One hard part is we need construct the name for variables since there isn't a map from llvm variables to DIVar. Then here is the strategy this patch uses:

  • The name __resume_fn , __destroy_fn and __coro_index are constructed by the patch.
  • Then the name __promise comes from the dbg.variable of corresponding dbg.declare of PromiseAlloca, which shows highest priority to construct the debug information for the member of coroutine frame.
  • Then if the member is struct, we would try to get the name of the llvm struct directly. Then replace ':' and '.' with '_' to make it printable for debugger.
  • If the member is a basic type like integer or double, we would try to emit the corresponding name.
  • Then if the member is a Pointer Type, we would add Ptr after corresponding pointee type.
  • Otherwise, we would name it with 'UnknownType'.

The ability to construct coroutine is controlled by an option so this patch won't affect other parts. Some parts of this patch is duplicated with D97673 and D96938. So we can't apply them all without conflicts.

It is a little unnatural to construct coroutine frame debug information. The implementation and design for the patch may have many problems. Any opinion is well come.

Diff Detail

Event Timeline

ChuanqiXu created this revision.Mar 23 2021, 5:11 AM
ChuanqiXu requested review of this revision.Mar 23 2021, 5:11 AM
Herald added a project: Restricted Project. · View Herald TranscriptMar 23 2021, 5:11 AM

From a layering perspective, this is not something we would usually do. One immediate problem is that LLVM should be mostly language agnostic. For example the Swift compiler also uses to CoroSplit pass, and you wouldn't want to inject C++ type information into Swift functions.

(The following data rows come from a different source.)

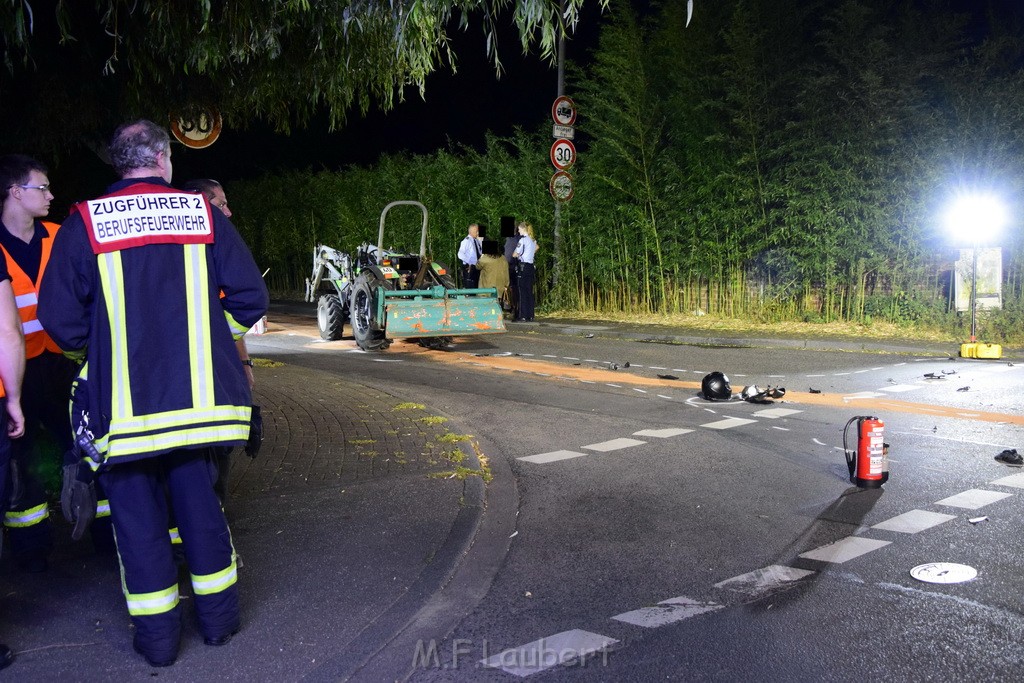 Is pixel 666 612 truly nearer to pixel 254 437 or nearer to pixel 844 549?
pixel 844 549

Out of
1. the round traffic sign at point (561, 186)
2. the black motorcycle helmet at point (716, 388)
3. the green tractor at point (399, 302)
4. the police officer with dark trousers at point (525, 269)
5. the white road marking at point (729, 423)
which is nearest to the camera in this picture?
the white road marking at point (729, 423)

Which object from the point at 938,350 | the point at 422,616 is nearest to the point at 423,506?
the point at 422,616

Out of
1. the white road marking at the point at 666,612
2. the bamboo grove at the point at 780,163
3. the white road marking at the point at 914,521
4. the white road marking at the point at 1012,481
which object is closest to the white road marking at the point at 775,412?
the white road marking at the point at 1012,481

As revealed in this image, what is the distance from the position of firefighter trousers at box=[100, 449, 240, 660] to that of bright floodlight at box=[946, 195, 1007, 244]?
12490 millimetres

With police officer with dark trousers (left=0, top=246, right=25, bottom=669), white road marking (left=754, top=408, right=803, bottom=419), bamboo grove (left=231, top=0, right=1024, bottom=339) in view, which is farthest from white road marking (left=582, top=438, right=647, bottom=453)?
bamboo grove (left=231, top=0, right=1024, bottom=339)

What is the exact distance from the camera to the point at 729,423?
8.58 meters

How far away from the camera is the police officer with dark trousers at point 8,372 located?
383 centimetres

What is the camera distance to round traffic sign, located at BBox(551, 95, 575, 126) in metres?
19.3

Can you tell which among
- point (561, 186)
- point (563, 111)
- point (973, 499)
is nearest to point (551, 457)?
point (973, 499)

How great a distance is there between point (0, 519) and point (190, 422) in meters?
0.97

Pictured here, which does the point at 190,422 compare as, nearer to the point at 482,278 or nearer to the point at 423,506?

Maybe it would be cleaner for Clang to register an LLVM pass to run after CoroSplit that inserts the C++-specific debug info?

From a layering perspective, this is not something we would usually do. One immediate problem is that LLVM should be mostly language agnostic. For example the Swift compiler also uses to CoroSplit pass, and you wouldn't want to inject C++ type information into Swift functions. Maybe it would be cleaner for Clang to register an LLVM pass to run after CoroSplit that inserts the C++-specific debug info?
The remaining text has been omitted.